Tumeurs cutanées

Les tumeurs de la peau sont très fréquentes, il faut d’emblée distinguer les lésions bénignes qui nécessite dans la plupart des cas une surveillance dermatologique, des lésions malignes dont le traitement repose essentiellement sur la chirurgie. L’augmentation du nombre de cas de tumeurs cutané s’explique par les habitudes d’exposition au soleil, d’où la nécessité d’une bonne information sur les risques encourus et d’une prévention adaptée dès l’enfance. Nous nous arrêterons ici sur les lésions les plus couramment rencontrées.

Les Tumeurs cutanées bénignes sont nombreuses, au premier rang desquels on trouve les Naevi naevo-cellulaires ou « grain de beauté ». Ils se développent à partir d’une cellule de la peau : le mélanocyte, apparaissent dans l’enfance et régressent à partir de 50 ans. D’une manière générale, les grains de beauté doivent faire l’objet d’une surveillance régulière par un dermatologue. Du fait du risque de dégénérescence, tout grain de beauté apparu à l’âge adulte, traumatisé, présentant une modification de taille, de couleur, ou siégeant dans une zone soumise à des irritations répétées (ceinture, bretelles, plante des pieds, etc.) doit être retiré chirurgicalement et analysé.
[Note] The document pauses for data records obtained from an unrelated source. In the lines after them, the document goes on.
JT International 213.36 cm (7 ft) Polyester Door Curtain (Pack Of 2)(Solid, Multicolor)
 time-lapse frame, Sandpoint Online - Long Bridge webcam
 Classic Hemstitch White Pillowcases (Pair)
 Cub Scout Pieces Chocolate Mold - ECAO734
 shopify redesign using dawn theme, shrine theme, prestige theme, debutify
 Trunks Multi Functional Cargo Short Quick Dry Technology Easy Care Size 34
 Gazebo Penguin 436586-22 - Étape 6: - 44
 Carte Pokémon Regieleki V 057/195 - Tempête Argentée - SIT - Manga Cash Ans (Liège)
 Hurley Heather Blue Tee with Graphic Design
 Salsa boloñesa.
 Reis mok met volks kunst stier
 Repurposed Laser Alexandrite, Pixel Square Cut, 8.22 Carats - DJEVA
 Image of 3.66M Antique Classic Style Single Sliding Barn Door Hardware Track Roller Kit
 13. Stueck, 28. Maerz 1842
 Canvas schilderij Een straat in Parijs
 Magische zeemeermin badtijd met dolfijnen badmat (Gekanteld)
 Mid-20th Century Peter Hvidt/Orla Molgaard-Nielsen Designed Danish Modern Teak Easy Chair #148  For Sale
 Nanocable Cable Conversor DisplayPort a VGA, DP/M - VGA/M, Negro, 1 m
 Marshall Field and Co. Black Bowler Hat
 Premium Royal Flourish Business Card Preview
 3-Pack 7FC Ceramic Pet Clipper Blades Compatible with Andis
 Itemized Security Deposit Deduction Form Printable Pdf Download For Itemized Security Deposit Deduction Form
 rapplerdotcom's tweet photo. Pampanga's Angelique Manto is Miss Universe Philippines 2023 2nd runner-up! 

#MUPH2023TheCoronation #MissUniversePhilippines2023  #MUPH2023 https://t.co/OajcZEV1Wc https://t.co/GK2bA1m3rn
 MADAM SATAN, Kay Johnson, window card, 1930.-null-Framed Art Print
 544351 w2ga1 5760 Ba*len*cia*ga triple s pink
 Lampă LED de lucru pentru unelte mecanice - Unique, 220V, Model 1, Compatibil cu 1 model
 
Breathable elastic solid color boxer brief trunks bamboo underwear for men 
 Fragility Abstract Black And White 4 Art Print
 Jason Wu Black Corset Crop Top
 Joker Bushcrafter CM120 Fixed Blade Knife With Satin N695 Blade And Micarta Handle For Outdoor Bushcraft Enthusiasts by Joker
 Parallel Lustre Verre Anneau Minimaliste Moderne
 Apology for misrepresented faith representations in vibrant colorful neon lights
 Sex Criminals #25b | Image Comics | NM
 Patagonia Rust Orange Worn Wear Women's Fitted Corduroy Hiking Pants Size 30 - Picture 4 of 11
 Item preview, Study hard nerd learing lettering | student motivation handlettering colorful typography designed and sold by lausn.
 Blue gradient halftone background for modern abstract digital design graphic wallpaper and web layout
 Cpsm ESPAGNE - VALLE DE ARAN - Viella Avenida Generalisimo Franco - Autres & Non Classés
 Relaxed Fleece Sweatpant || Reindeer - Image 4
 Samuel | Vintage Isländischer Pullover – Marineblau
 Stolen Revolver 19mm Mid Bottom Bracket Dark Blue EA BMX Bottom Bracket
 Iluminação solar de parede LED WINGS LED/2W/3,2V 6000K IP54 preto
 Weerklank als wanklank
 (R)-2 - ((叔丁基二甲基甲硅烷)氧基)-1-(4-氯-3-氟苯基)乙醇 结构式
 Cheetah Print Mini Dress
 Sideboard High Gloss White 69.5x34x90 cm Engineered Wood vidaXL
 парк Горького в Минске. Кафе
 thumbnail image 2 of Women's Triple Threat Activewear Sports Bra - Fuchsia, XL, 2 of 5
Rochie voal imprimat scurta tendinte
La Kératose liée à l’âge est une lésion dite « précancéreuse », elle survient sur les peaux claires et l’exposition au soleil en est la principale cause. Elle se manifeste par l’apparition d’une ou plusieurs petites tâches recouvertes d’une corne cutanée sur les régions découvertes du corps (visage, mains, oreilles, etc.). Ces lésions dont le traitement repose sur la cryothérapie ou l’électrocoagulation doivent faire l’objet d’une surveillance rigoureuse du fait du risque de dégénérescence en tumeur maligne de la peau.

Le carcinome baso-cellulaire est la plus fréquente des tumeurs maligne (60%), il peut se présenter sous de nombreuses formes : plan, saillant, ulcéreux, tatoué, la forme cicatricielle est la plus fréquente. Le risque de survenu est étroitement lié à l’importance de l’exposition solaire, généralement après 40 ans, chez des sujets à peau claire, principalement au niveau des régions du corps exposées et non protégées. Le basocellulaire du nez représente à lui seul environ 30% des localisations. D’autres facteurs peuvent favoriser la survenue d’un carcinome baso-cellulaire :

irradiation, kératose, certaines dermatoses. Sur le plan clinique, il est facilement identifiable par la présence de petites perles translucides autour de la lésion. Son évolution est lente et toujours locale. Le traitement repose sur la cryochirurgie, la chirurgie afin d’enlever complètement la lésion et pour les forme difficiles la radiothérapie.

Le carcinome épidermoïde ou spino-cellulaire, est une tumeur maligne quatre fois moins fréquente que le baso-celullaire, il se distingue de ce dernier par sa vitesse d’évolution, le risque d’extension pouvant métastaser au niveau ganglionnaire en premier lieu. Le spinocelllulaire se développe à partir d’un type de cellule appelé « Kératinocyte » présent au niveau de la peau et des muqueuses. Il survient également à partir de 40 ans, principalement sur les peaux clairs au niveau des régions découvertes. La localisation au niveau de la lèvre inférieure est classique chez le sujet fumeur. Cliniquement, il apparait typiquement sous la forme d’une ulcération entourée d’un bourrelet irrégulier parfois parsemé de points blancs. Le traitement repose sur la chirurgie, qui doit emporter la tumeur en passant très à distance d’elle, retirer les ganglions éventuellement atteints, la radiothérapie peut être utile dans certains cas.

Le mélanome représente 3% des cancers cutanés et dans 30% des cas fait suite à la dégénérescence d’un naevus. Deux tiers des décès par cancer cutané sont liés à un mélanome, d’où la nécessité de contrôler régulièrement ses grains de beauté et retirer tout naevus suspect pour un examen histologique. En plus du facteur favorisant classique qu’est l’ensoleillement, les hormones jouent également un rôle dans sa survenue, d’où sa plus grande fréquence chez la femme. Il peut apparaitre sous forme d’une tache brune ou d’un petit nodule noir. Une localisation particulière qui doit être connue est le panaris mélanique. Il s’agit de l’apparition d’une tache ou d’une ligne pigmentée sous l’ongle d’un doigt ou d’un orteil. Le traitement est toujours chirurgical avec une marge de résection de 1 à 5 cm selon l’épaisseur et le siège de la lésion complété par la recherche de foyer ganglionnaires.